## Task to complete
In the data below, restate exactly the lines from the one with "潮牌韩系披肩短袖套装女夏季新款休闲T恤高腰显瘦阔腿长裤三件套" to the final line, both included, but not the pictures.

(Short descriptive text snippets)
□ □ □ □ □ □ □
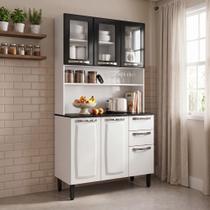 Cozinha Compacta em Aço com Nicho 6 Portas e 2 Gavetas 196cm Pratika Itatiaia Branco/Preto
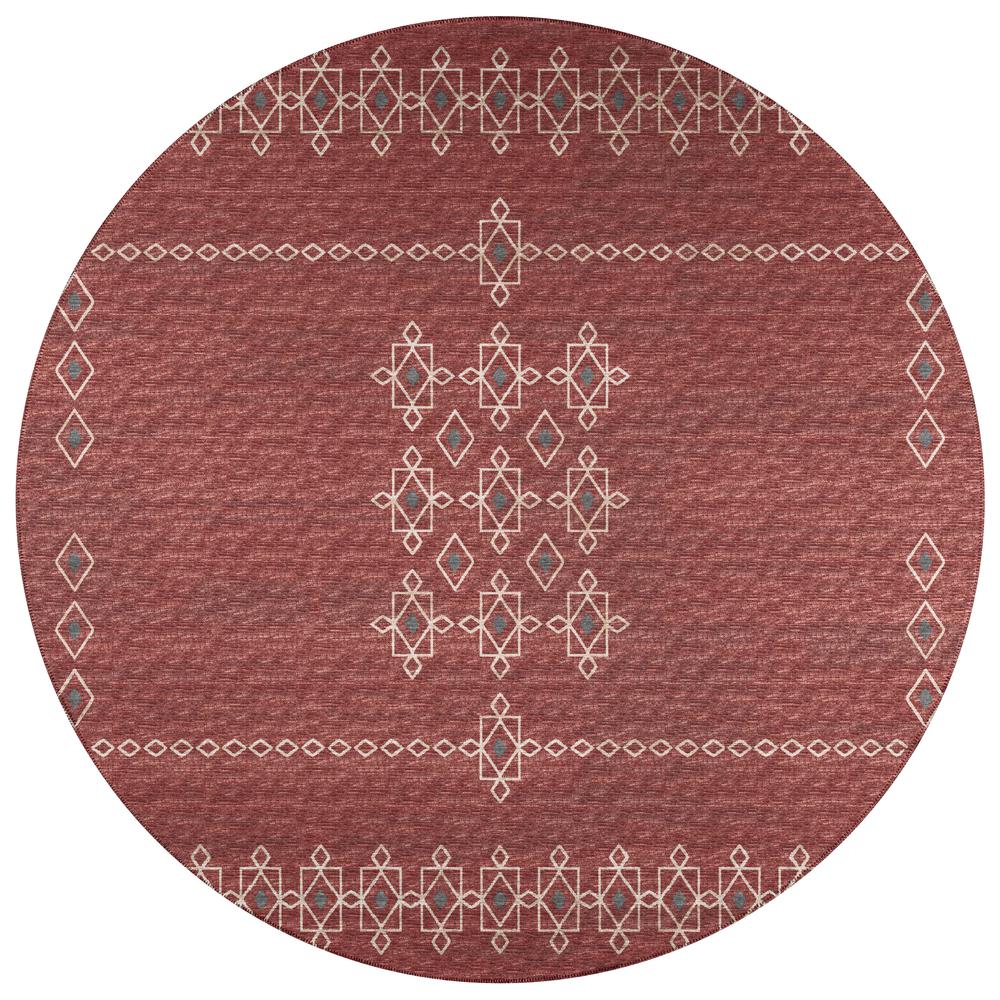Indoor/Outdoor Sedona SN3 Paprika Washable 10' x 10' Round Rug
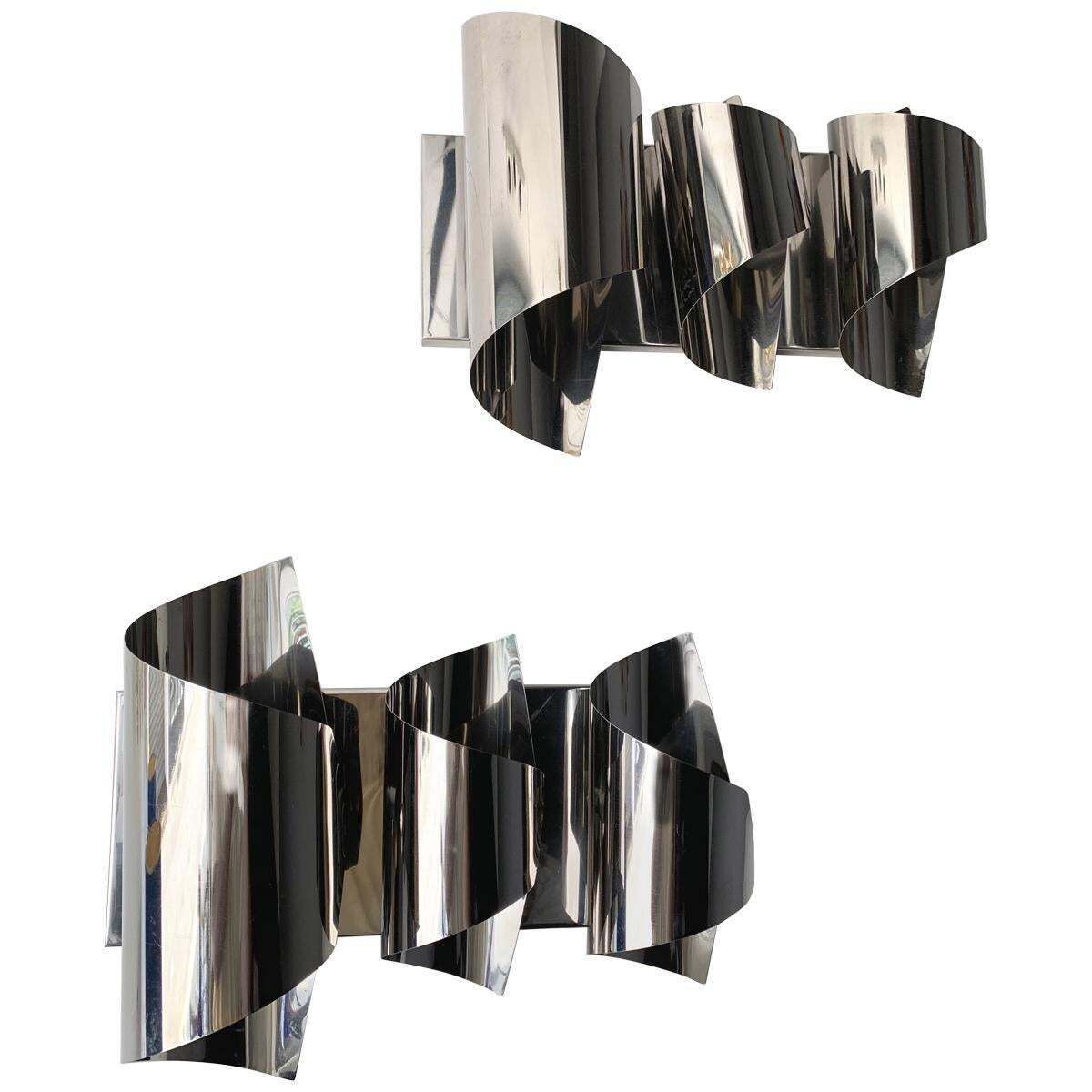 Pair Of Spiral Metal Chrome Sconces By Reggiani. Italy, 1970s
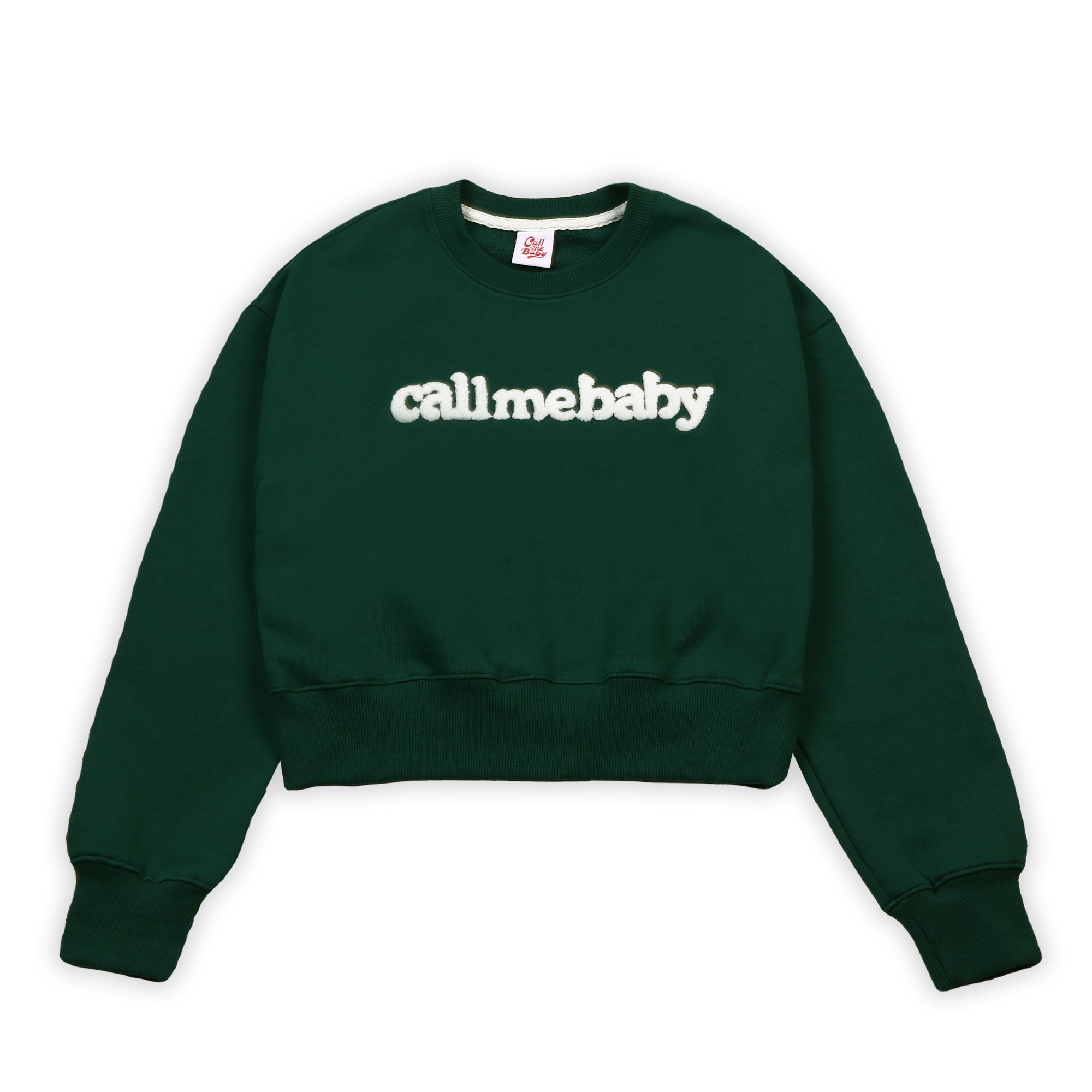 [Call Me Baby] Fuzzy Logo Cropped Sweatshirts (Forest Green)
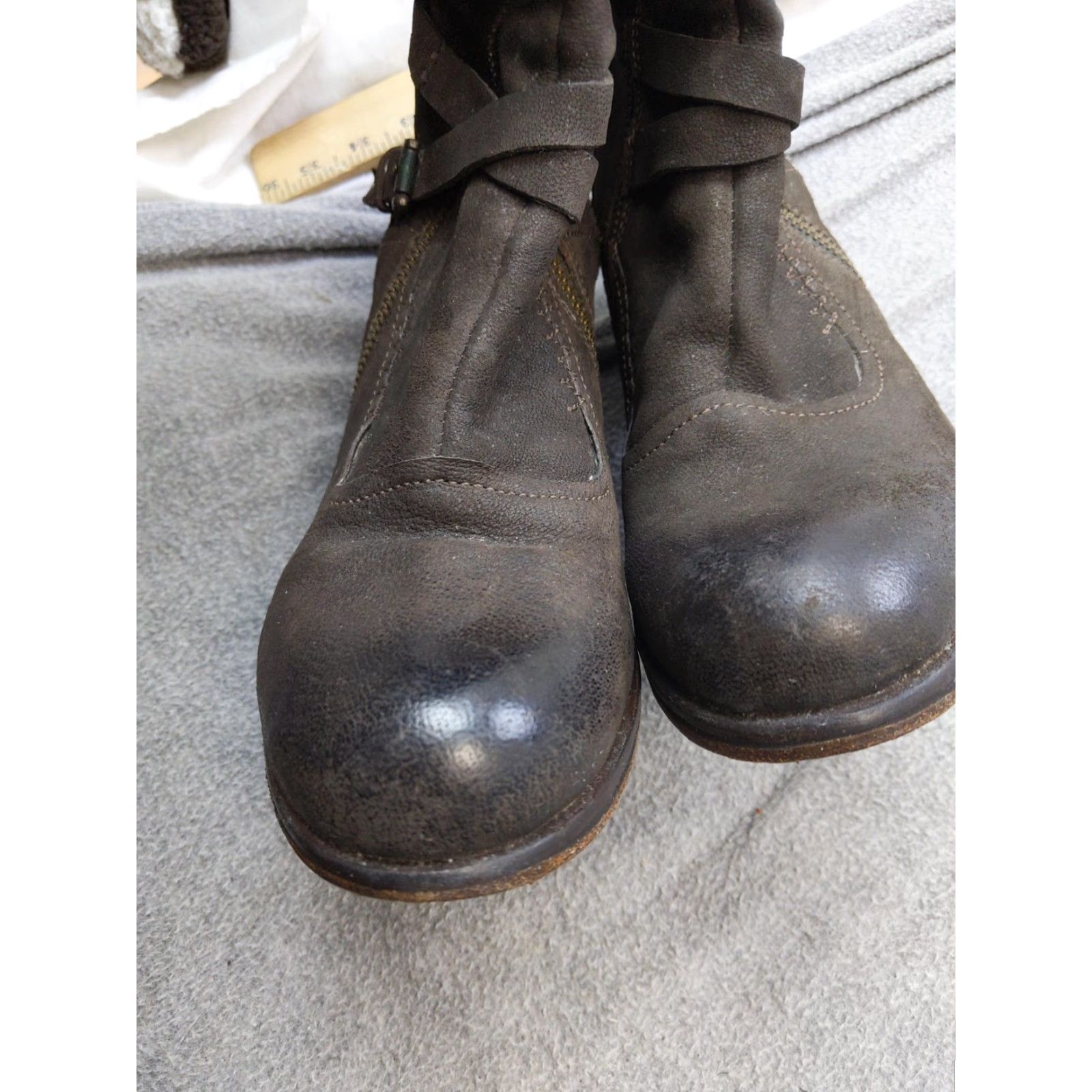Vintage Nico Nerini Boots Womens 6.5 Brown Leather Mid Calf Zip Studded Biker Boots Size US 7 / IT 37 - 4 Thumbnail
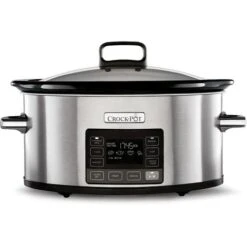 Crock-Pot Crockpot Pentola Per Cottura Lenta,Slow Cooker,Spegnimento Automatico,5.6 Lt,fino 6-8 Persone,Funzione TimeSelect Per Programmare Orario Fine Cottura, Funzione Warm Automatica, Ceramica, 240W, Argento -Elettrodomestici Negozio 92950049 3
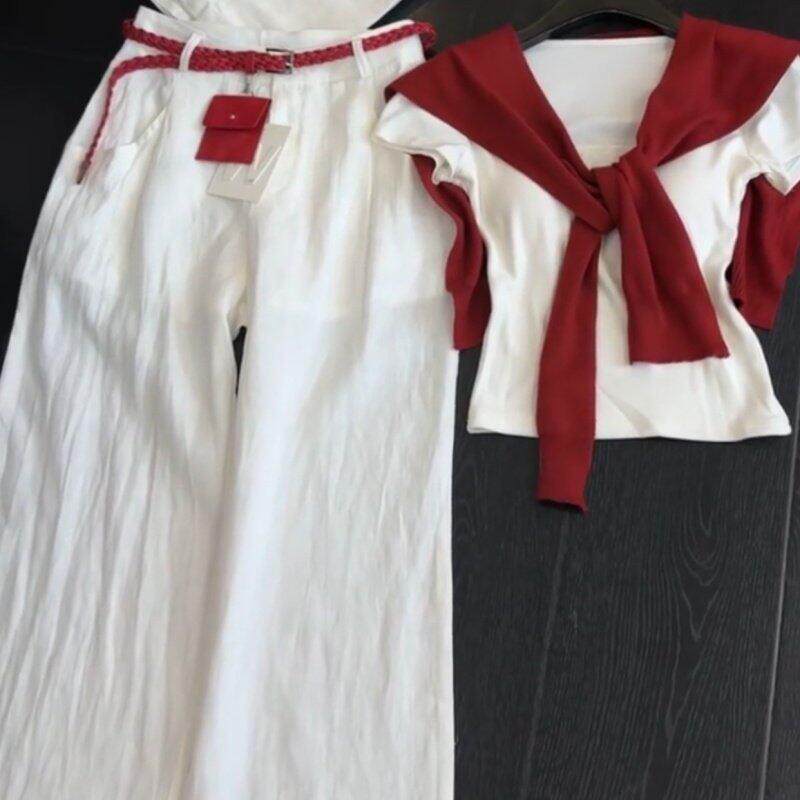 潮牌韩系披肩短袖套装女夏季新款休闲T恤高腰显瘦阔腿长裤三件套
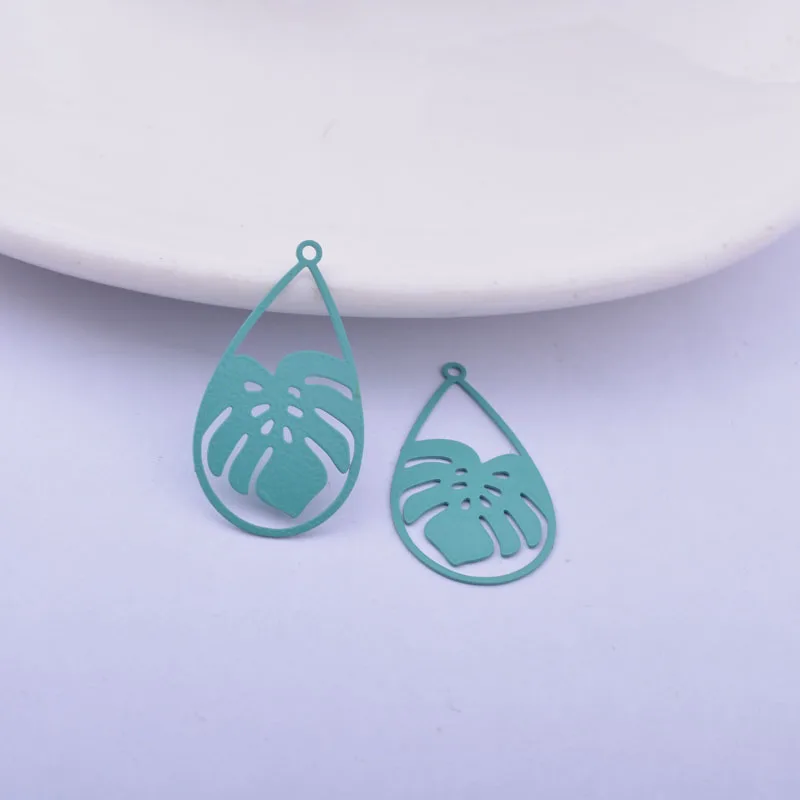 50 Stück AC12349 26*15mm Bemalte Tropische Pflanzenblatt-Anhänger DIY Schmuck Ohrring Zubehör – Detail 12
□ □ □ □ □ □ □
## Completed exercise
 潮牌韩系披肩短袖套装女夏季新款休闲T恤高腰显瘦阔腿长裤三件套
 50 Stück AC12349 26*15mm Bemalte Tropische Pflanzenblatt-Anhänger DIY Schmuck Ohrring Zubehör – Detail 12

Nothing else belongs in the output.